Saved entries:
____

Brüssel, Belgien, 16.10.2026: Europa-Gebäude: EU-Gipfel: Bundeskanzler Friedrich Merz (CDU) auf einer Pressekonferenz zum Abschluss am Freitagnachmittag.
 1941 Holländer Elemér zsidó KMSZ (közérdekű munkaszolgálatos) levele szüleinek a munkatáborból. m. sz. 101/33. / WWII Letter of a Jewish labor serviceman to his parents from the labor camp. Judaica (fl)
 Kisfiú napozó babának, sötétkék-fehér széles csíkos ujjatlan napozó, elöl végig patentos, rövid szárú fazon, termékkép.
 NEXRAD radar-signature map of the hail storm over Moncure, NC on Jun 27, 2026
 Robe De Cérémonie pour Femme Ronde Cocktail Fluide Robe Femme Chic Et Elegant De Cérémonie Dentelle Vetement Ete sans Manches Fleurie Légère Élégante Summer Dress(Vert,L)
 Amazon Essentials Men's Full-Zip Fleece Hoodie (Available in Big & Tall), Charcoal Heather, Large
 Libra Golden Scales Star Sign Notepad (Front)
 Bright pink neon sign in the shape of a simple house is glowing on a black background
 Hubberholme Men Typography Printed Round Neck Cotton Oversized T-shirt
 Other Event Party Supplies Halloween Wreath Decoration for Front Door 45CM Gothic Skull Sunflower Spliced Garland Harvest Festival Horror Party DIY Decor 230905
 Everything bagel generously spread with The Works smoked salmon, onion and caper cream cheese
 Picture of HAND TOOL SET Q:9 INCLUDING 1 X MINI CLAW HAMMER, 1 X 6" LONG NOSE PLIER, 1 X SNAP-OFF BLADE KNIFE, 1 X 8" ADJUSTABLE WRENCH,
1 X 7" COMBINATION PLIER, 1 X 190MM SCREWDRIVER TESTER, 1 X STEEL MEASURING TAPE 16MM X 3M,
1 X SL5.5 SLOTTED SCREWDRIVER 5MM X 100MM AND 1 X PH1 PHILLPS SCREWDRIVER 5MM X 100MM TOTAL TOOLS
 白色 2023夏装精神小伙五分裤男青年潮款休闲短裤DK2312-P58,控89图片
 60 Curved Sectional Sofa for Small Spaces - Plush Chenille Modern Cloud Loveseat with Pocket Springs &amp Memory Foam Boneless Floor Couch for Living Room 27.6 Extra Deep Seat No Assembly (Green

____

Output all of the entries without altering a single word.

Expected answer
Brüssel, Belgien, 16.10.2026: Europa-Gebäude: EU-Gipfel: Bundeskanzler Friedrich Merz (CDU) auf einer Pressekonferenz zum Abschluss am Freitagnachmittag.
 1941 Holländer Elemér zsidó KMSZ (közérdekű munkaszolgálatos) levele szüleinek a munkatáborból. m. sz. 101/33. / WWII Letter of a Jewish labor serviceman to his parents from the labor camp. Judaica (fl)
 Kisfiú napozó babának, sötétkék-fehér széles csíkos ujjatlan napozó, elöl végig patentos, rövid szárú fazon, termékkép.
 NEXRAD radar-signature map of the hail storm over Moncure, NC on Jun 27, 2026
 Robe De Cérémonie pour Femme Ronde Cocktail Fluide Robe Femme Chic Et Elegant De Cérémonie Dentelle Vetement Ete sans Manches Fleurie Légère Élégante Summer Dress(Vert,L)
 Amazon Essentials Men's Full-Zip Fleece Hoodie (Available in Big & Tall), Charcoal Heather, Large
 Libra Golden Scales Star Sign Notepad (Front)
 Bright pink neon sign in the shape of a simple house is glowing on a black background
 Hubberholme Men Typography Printed Round Neck Cotton Oversized T-shirt
 Other Event Party Supplies Halloween Wreath Decoration for Front Door 45CM Gothic Skull Sunflower Spliced Garland Harvest Festival Horror Party DIY Decor 230905
 Everything bagel generously spread with The Works smoked salmon, onion and caper cream cheese
 Picture of HAND TOOL SET Q:9 INCLUDING 1 X MINI CLAW HAMMER, 1 X 6" LONG NOSE PLIER, 1 X SNAP-OFF BLADE KNIFE, 1 X 8" ADJUSTABLE WRENCH,
1 X 7" COMBINATION PLIER, 1 X 190MM SCREWDRIVER TESTER, 1 X STEEL MEASURING TAPE 16MM X 3M,
1 X SL5.5 SLOTTED SCREWDRIVER 5MM X 100MM AND 1 X PH1 PHILLPS SCREWDRIVER 5MM X 100MM TOTAL TOOLS
 白色 2023夏装精神小伙五分裤男青年潮款休闲短裤DK2312-P58,控89图片
 60 Curved Sectional Sofa for Small Spaces - Plush Chenille Modern Cloud Loveseat with Pocket Springs &amp Memory Foam Boneless Floor Couch for Living Room 27.6 Extra Deep Seat No Assembly (Green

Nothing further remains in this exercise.